Donald Trump’s rhetoric about Mexico got a tongue-lashing Thursday, with US Vice President Joe Biden calling it “dangerous” and a Mexican ex-president dropping the F-bomb against his border wall plan.
Speaking during a visit to Mexico City, Biden told President Enrique Pena Nieto that there has been “a lot of damaging and incredibly inaccurate rhetoric” in the US election, but that most Americans do not share those views.
“I feel almost obliged to apologize for some of what my political colleagues have said about Mexico, about the Mexican people,” he said.
While Biden did not identify any candidates by name, Trump has used the strongest words against Mexico’s government and immigrants during the race for the Republican presidential nomination.
“It’s a heated campaign season and I just want you to know, Mr. President, that the most heated of the rhetoric you’ve heard from some of the competitors for the nomination for president is not who we are as the American people,” Biden said with Pena Nieto by his side, highlighting close cooperation on the drug war and $1.5 billion in daily trade.
At a separate meeting earlier in the day with members of Pena Nieto’s cabinet, Biden said that “some of the rhetoric coming from some presidential candidates of the other team are I think dangerous, damaging and incredibly ill-advised.”
“This too shall pass … We have gone through these episodes of xenophobia but they have always been overcome,” he said.
Trump has angered Mexico from the start of his candidacy by declaring that the country was sending rapists across the border and that he would force the neighboring government to pay for a giant wall to keep illegal migrants out.
“There are those who have the vision to close themselves off … build walls, but this only means isolating oneself and ending up alone,” Pena Nieto said, without naming the Republican frontrunner.
– Fox’s F-bomb –
Vicente Fox, Mexico’s president from 2000 to 2006, had harsher words, telling the US television network Fusion: “I am not going to pay for that fucking wall.
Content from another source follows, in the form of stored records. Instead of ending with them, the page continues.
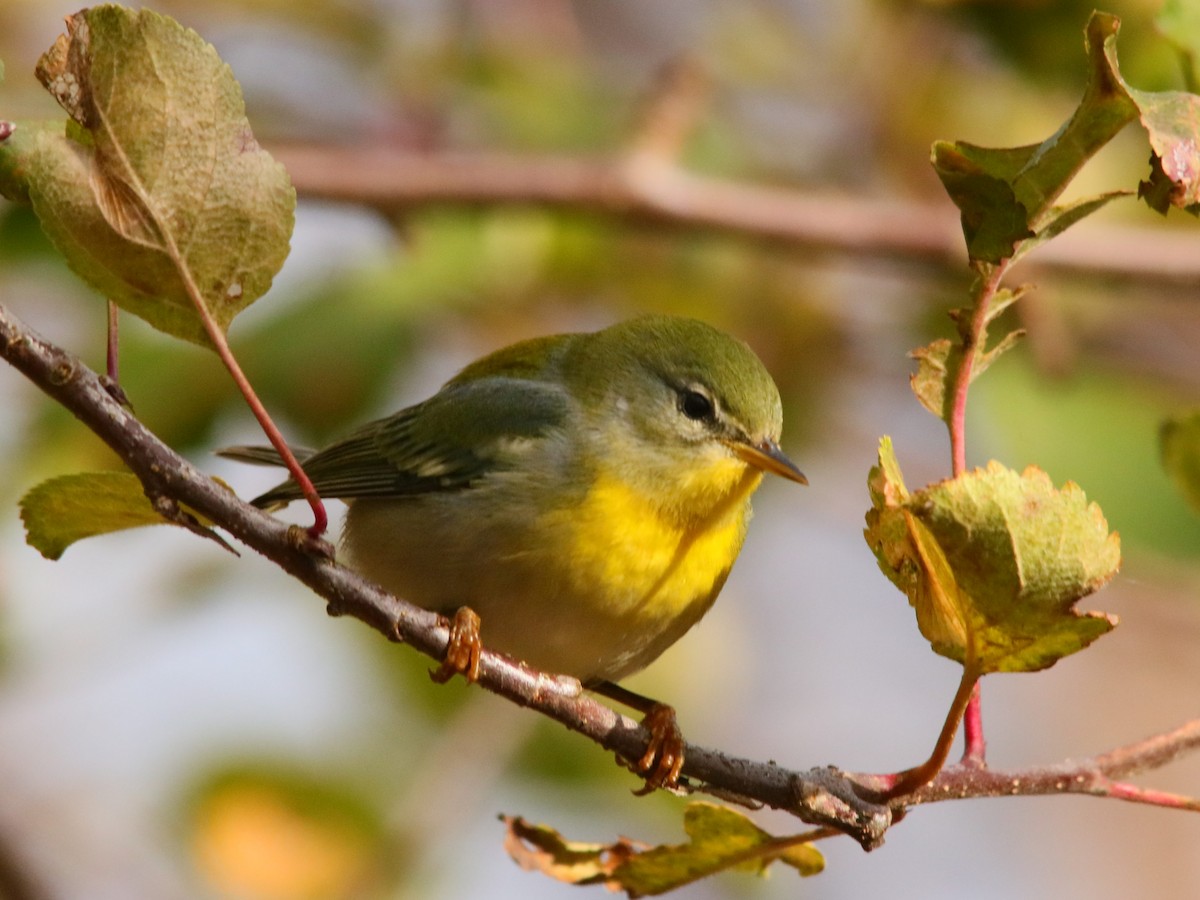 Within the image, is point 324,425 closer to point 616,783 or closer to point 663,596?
point 616,783

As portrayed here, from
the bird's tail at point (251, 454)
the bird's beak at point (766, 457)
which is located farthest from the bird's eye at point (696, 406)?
the bird's tail at point (251, 454)

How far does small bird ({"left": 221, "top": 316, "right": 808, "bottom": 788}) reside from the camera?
9.91ft

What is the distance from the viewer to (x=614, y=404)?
3.60 m

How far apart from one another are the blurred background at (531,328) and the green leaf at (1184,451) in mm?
824

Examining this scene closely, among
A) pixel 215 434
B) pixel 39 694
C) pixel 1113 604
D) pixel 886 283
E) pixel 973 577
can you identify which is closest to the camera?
pixel 973 577

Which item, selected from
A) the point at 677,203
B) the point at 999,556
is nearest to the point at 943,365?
the point at 999,556

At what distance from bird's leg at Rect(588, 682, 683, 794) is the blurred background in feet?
3.60

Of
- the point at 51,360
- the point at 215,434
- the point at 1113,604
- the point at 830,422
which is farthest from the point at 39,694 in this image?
the point at 1113,604

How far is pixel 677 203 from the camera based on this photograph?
13.6 feet

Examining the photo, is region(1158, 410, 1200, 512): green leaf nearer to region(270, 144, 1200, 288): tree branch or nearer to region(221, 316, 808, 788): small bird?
region(221, 316, 808, 788): small bird

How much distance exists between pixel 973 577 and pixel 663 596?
1437 millimetres

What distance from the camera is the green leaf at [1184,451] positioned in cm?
228

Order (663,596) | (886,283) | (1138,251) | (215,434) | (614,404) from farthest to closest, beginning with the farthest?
(886,283) → (215,434) → (1138,251) → (614,404) → (663,596)

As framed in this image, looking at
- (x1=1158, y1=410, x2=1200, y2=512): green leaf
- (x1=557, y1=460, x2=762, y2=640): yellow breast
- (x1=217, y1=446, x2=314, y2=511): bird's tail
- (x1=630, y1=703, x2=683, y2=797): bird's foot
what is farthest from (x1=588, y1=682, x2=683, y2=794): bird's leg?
(x1=217, y1=446, x2=314, y2=511): bird's tail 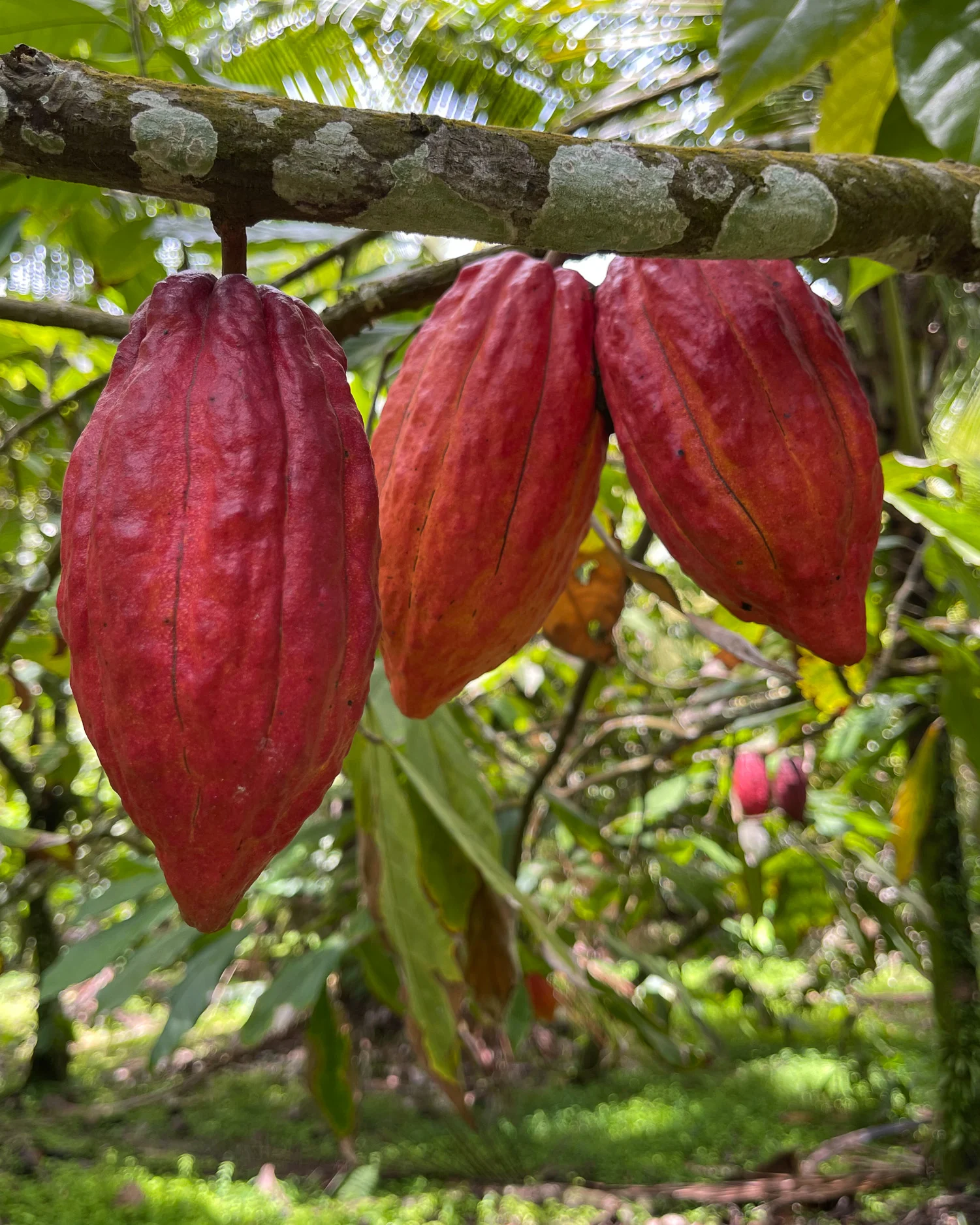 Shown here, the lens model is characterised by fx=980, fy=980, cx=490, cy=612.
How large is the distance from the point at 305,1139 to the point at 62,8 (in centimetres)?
330

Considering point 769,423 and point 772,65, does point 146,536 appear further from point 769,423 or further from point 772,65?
point 772,65

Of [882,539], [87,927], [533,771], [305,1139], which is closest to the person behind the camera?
[882,539]

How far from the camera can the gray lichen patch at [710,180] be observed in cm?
47

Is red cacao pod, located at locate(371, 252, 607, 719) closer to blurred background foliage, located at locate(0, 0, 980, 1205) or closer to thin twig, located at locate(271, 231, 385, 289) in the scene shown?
blurred background foliage, located at locate(0, 0, 980, 1205)

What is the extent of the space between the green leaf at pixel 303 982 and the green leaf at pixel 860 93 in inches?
53.9

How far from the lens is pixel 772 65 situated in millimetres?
726

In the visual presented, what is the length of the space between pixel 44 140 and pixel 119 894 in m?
1.61

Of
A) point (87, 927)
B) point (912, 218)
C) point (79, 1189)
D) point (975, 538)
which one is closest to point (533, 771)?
point (975, 538)

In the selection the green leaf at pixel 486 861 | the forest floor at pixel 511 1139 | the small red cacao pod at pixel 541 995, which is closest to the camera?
the green leaf at pixel 486 861

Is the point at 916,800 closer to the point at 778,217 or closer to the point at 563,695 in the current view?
the point at 563,695

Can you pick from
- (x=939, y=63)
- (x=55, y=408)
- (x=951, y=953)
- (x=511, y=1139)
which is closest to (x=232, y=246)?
(x=939, y=63)

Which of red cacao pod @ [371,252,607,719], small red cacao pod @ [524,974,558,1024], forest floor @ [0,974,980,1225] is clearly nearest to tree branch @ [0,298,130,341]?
red cacao pod @ [371,252,607,719]

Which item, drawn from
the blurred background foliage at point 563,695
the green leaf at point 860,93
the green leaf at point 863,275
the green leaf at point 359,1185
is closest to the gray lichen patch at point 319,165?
the blurred background foliage at point 563,695

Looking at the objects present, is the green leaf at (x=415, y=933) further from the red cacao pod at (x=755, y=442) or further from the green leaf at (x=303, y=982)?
the green leaf at (x=303, y=982) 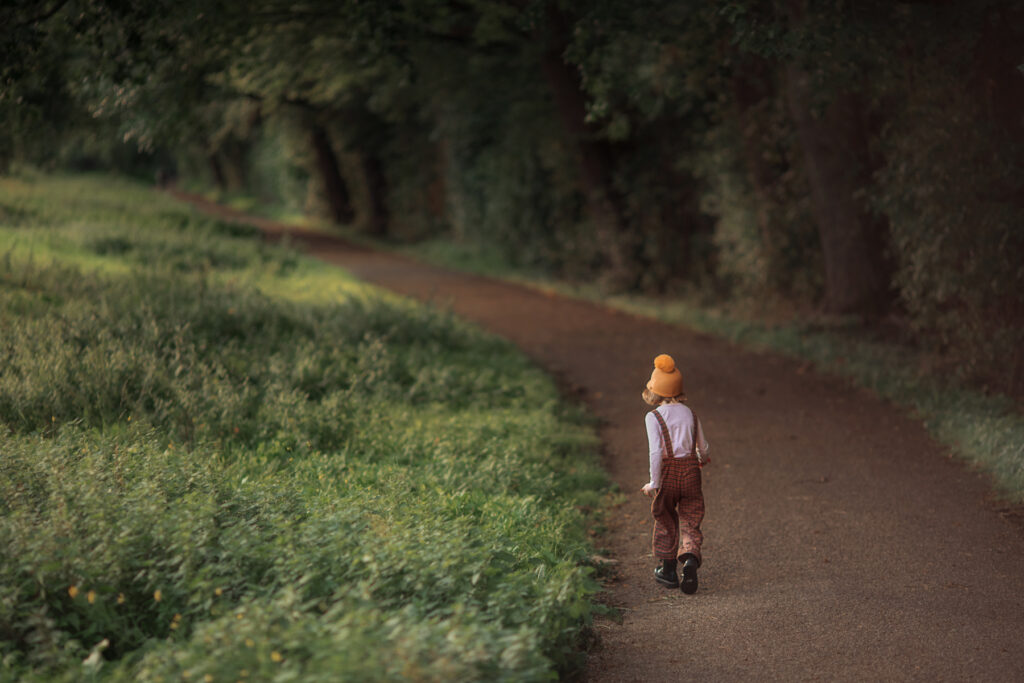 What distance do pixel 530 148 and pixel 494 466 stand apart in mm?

He should pay for it. He’s got the money.”
The billionaire real estate mogul hit back on Twitter, writing: “Vicente Fox horribly used the F word when discussing the wall. He must apologize! If I did that there would be a uproar!”
Another former Mexican president, Felipe Calderon, also lashed out earlier this month, telling CNBC that the Mexican people “are not going to pay any single cent for such a stupid wall.”
Last year, Pena Nieto’s administration called Trump’s comments about Mexicans “prejudiced and absurd.”
The real estate mogul has also clashed with Pope Francis over the immigration issue after the pontiff, following a trip to Mexico this month, said that anyone who “only wants to build walls and not bridges is not a Christian.”
Trump called Francis’s comments “disgraceful” but he later softened his tone, saying he had a “lot of respect” for the first Latin American pope.
– Tough election issue –
Immigration is a hot-button issue in the US presidential race, which features two Republican candidates who are sons of Cuban immigrants: senators Marco Rubio and Ted Cruz.
Considered Trump’s closest competitors, they have both taken a hard stance on the issue.
While Rubio backed immigration reform in 2013, he has since hardened his position and now competes with Cruz for support from conservatives demanding more deportations for the 11 million undocumented migrants in the United States.
Biden, who was in Mexico for economic talks, told Mexican officials that he hoped that President Barack Obama’s immigration reform, blocked by Republicans in Congress, can still win approval.
Circumventing Congress, Obama announced measures in November 2014 to protect millions of illegal immigrants from deportation. The Supreme Court has agreed to review his executive order, after a lower court blocked it.
The candidates in the Democratic nomination race, Hillary Clinton and Bernie Sanders, have vowed to pass reforms to give undocumented immigrants a path to citizenship.
The Latino vote has become crucial in US elections as Hispanics are now the biggest minority group in the country, surpassing African-Americans.